§ **EXTRACTED RECORDS**
[Start of section]

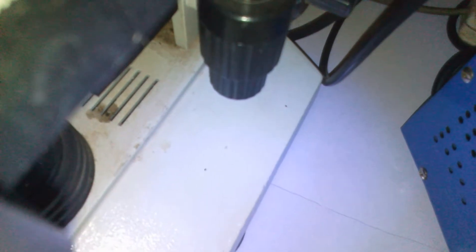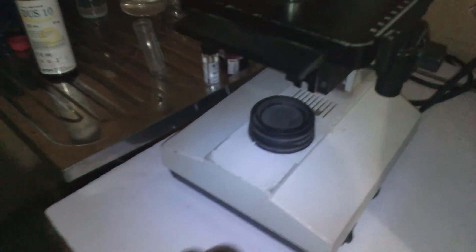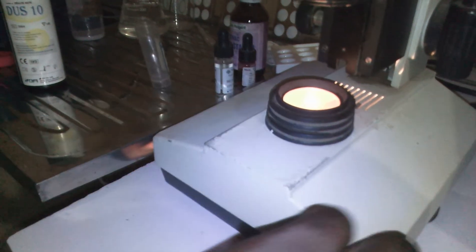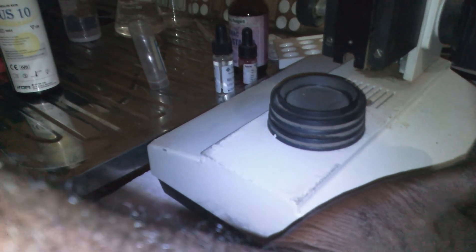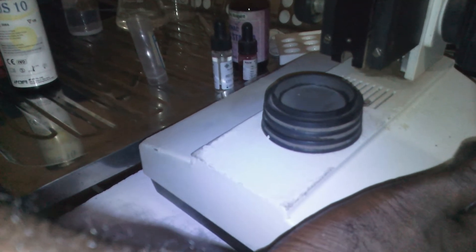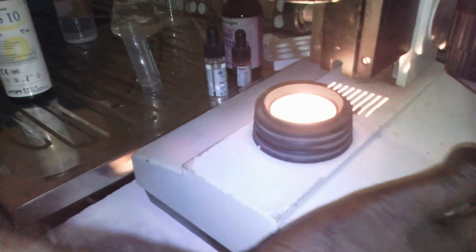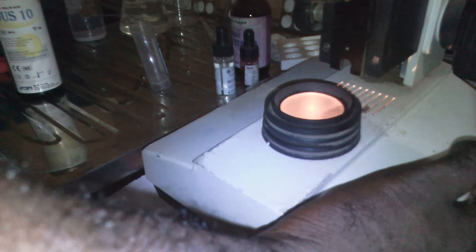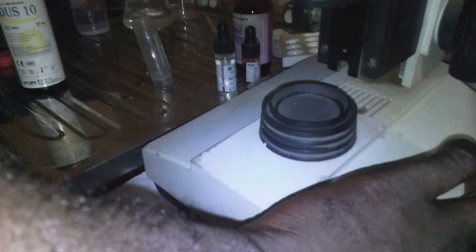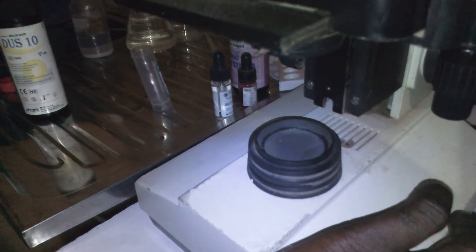This is where you switch on the microscope. You can see it here. Now you can see the light is on. This is used to regulate the light intensity. You can see it go up and it goes down.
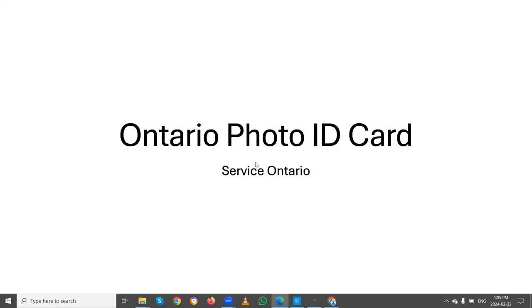Hi, hello friends, I hope everyone is doing good. In this video, we are going to learn more about the Ontario photo ID card, which is provided by the Ontario government.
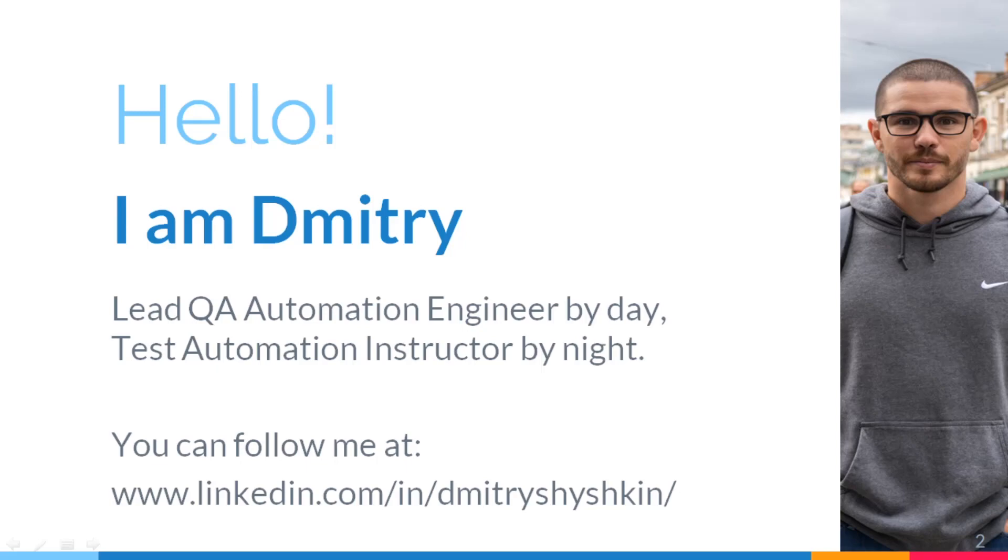Hi guys, my name is Dmitry, I am a test automation engineer and test automation instructor. I teach test automation with Selenium WebDriver, Java, Maven and TestNG.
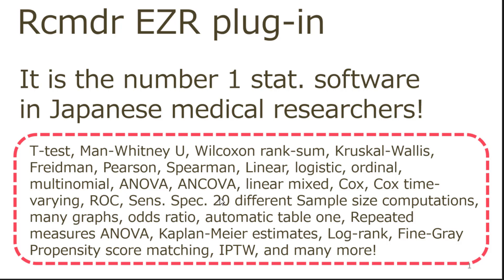ANOVA, ANCOVA, Linear Mixed Model, Cox Proportional Hazard Model, and Cox Time Variant Covariate. And you can also do Fine and Gray Model. And if you're interested in diagnostics, you can run ROC analysis.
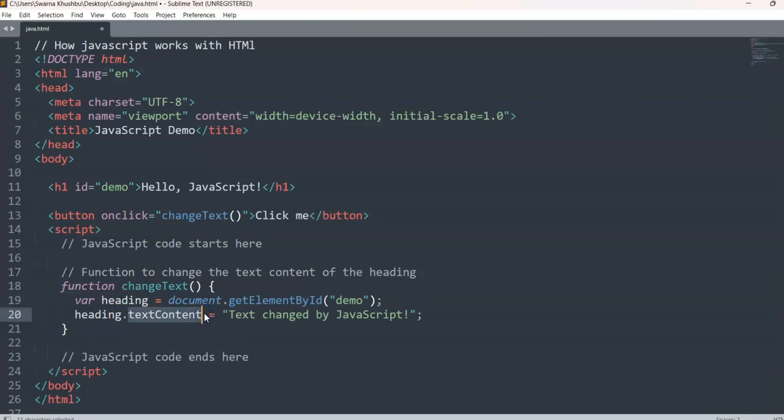heading.textContent means whatever is the content of the heading, you change it to 'Text changed by JavaScript'. This is how JavaScript works when you embed it inside HTML. If you only write the scripting part without HTML or CSS, JavaScript won't show anything in the front end. In short, the combination of HTML and JavaScript will work, and if you want to make it more beautiful you can add CSS. That's how the three things — HTML, CSS, and JavaScript — work together.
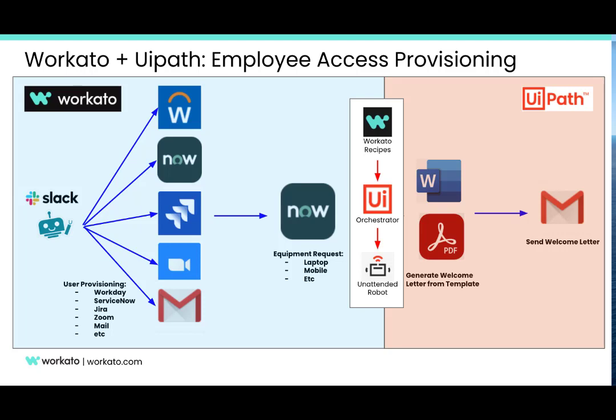Finally, we will see how from Workato we can launch a request to UiPath to generate a welcome letter, convert it to PDF, and send it by email to the new employee. This is done by adding a new item to a queue in UiPath Orchestrator, so an unattended robot can pick it up and process it.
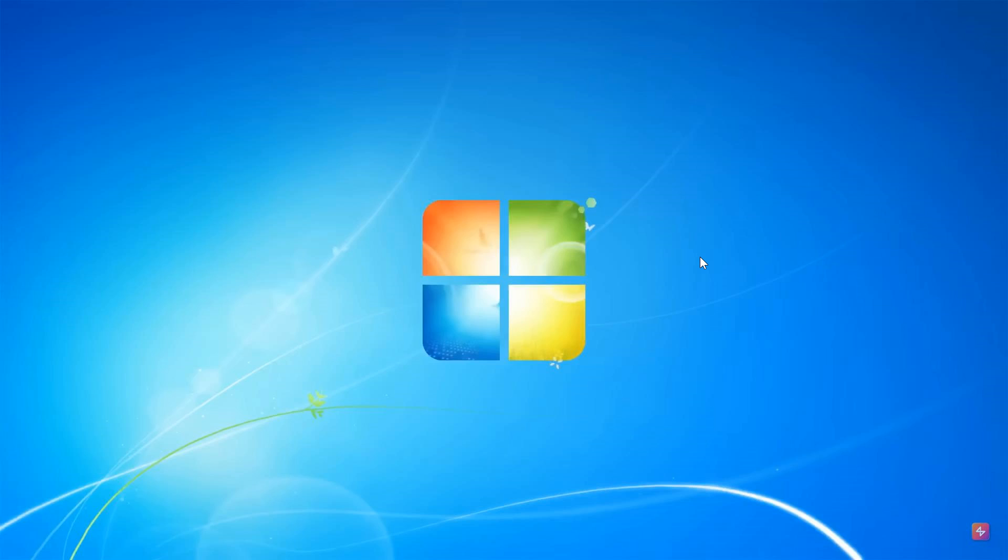A year or so ago, the concept creator AdiVisuals gave us a concept of how they imagined what a modern version of Windows 7 might look like. I'll leave that video down below.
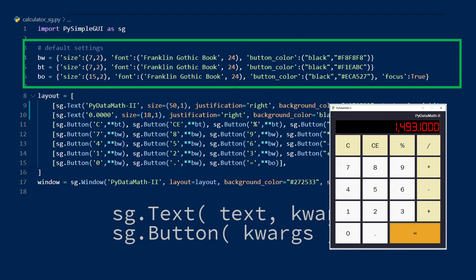One for the white buttons, one for the tan buttons, and one for the orange button. Using these default values allows me to avoid writing a lot of code and also makes this thing much easier to look at.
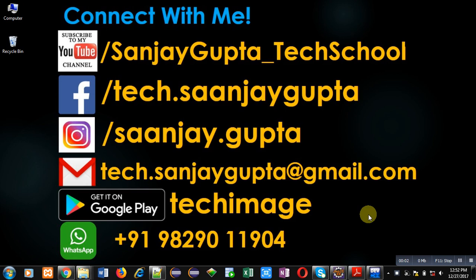Hello friends, I am Sanjay Gupta. In this video I am going to demonstrate how you can print natural numbers using recursion in C.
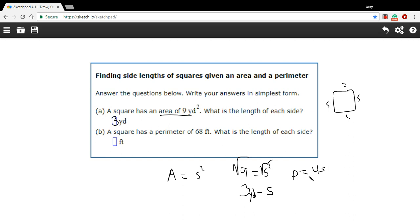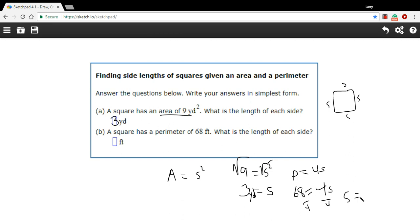That's a good formula for the perimeter of a square. So we know the perimeter equals 68, giving us 4s equals 68. All we need to do to solve for s is divide both sides by 4, and we get s equals 17. The units are feet, so 17 feet is the side length of that square. That covers finding side lengths of squares when given either an area or a perimeter.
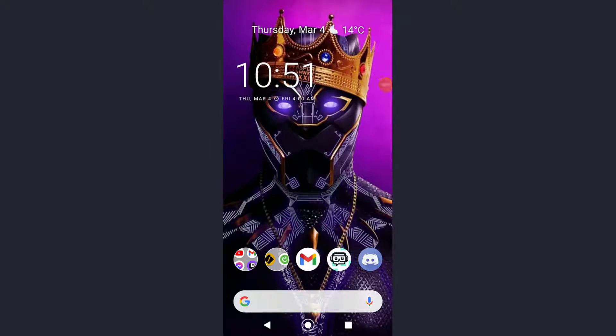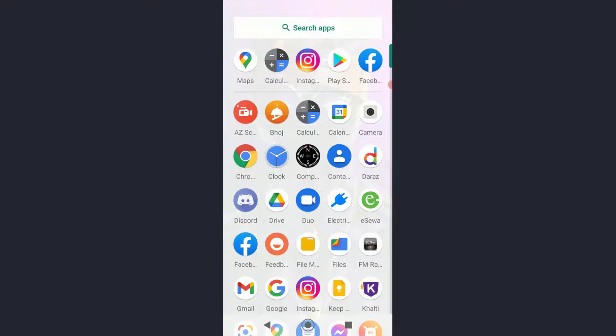Hello everyone, today I'm going to be teaching you how you can see Street View on your Google Maps on your mobile device. It is going to be a very simple and easy tutorial, so feel free to watch the video to the end. With that being said, let's get straight into it.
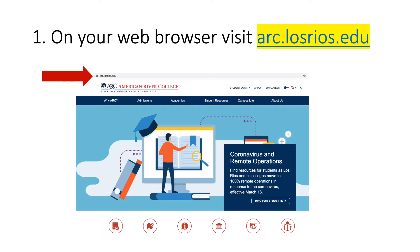First, you want to open up a new web browser and type in arc.losrios.edu. When your page loads, it should look similar to the picture here.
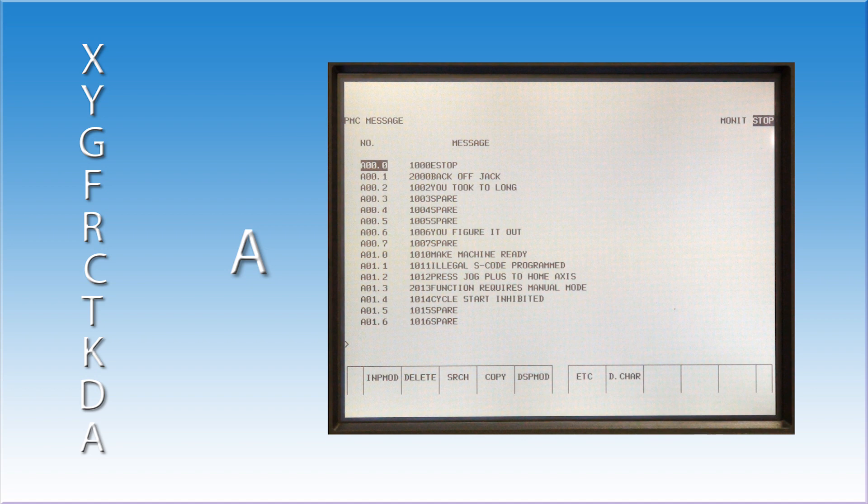The machine builder can assign a number to the alarm. Alarms in the 1000 range will stop the machine operation. Alarms in the 2000 range will allow the machine to continue running.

[End of section]

§ **TASK DIRECTIONS**
Please set the data above down exactly, with the pictures removed.

§ **RESULT OF THIS EXERCISE**
This is where you switch on the microscope. You can see it here. Now you can see the light is on. This is used to regulate the light intensity. You can see it go up and it goes down.
Hi, hello friends, I hope everyone is doing good. In this video, we are going to learn more about the Ontario photo ID card, which is provided by the Ontario government.
Hi guys, my name is Dmitry, I am a test automation engineer and test automation instructor. I teach test automation with Selenium WebDriver, Java, Maven and TestNG.
ANOVA, ANCOVA, Linear Mixed Model, Cox Proportional Hazard Model, and Cox Time Variant Covariate. And you can also do Fine and Gray Model. And if you're interested in diagnostics, you can run ROC analysis.
heading.textContent means whatever is the content of the heading, you change it to 'Text changed by JavaScript'. This is how JavaScript works when you embed it inside HTML. If you only write the scripting part without HTML or CSS, JavaScript won't show anything in the front end. In short, the combination of HTML and JavaScript will work, and if you want to make it more beautiful you can add CSS. That's how the three things — HTML, CSS, and JavaScript — work together.
Finally, we will see how from Workato we can launch a request to UiPath to generate a welcome letter, convert it to PDF, and send it by email to the new employee. This is done by adding a new item to a queue in UiPath Orchestrator, so an unattended robot can pick it up and process it.
A year or so ago, the concept creator AdiVisuals gave us a concept of how they imagined what a modern version of Windows 7 might look like. I'll leave that video down below.
One for the white buttons, one for the tan buttons, and one for the orange button. Using these default values allows me to avoid writing a lot of code and also makes this thing much easier to look at.
Hello friends, I am Sanjay Gupta. In this video I am going to demonstrate how you can print natural numbers using recursion in C.
That's a good formula for the perimeter of a square. So we know the perimeter equals 68, giving us 4s equals 68. All we need to do to solve for s is divide both sides by 4, and we get s equals 17. The units are feet, so 17 feet is the side length of that square. That covers finding side lengths of squares when given either an area or a perimeter.
Hello everyone, today I'm going to be teaching you how you can see Street View on your Google Maps on your mobile device. It is going to be a very simple and easy tutorial, so feel free to watch the video to the end. With that being said, let's get straight into it.
First, you want to open up a new web browser and type in arc.losrios.edu. When your page loads, it should look similar to the picture here.
The machine builder can assign a number to the alarm. Alarms in the 1000 range will stop the machine operation. Alarms in the 2000 range will allow the machine to continue running.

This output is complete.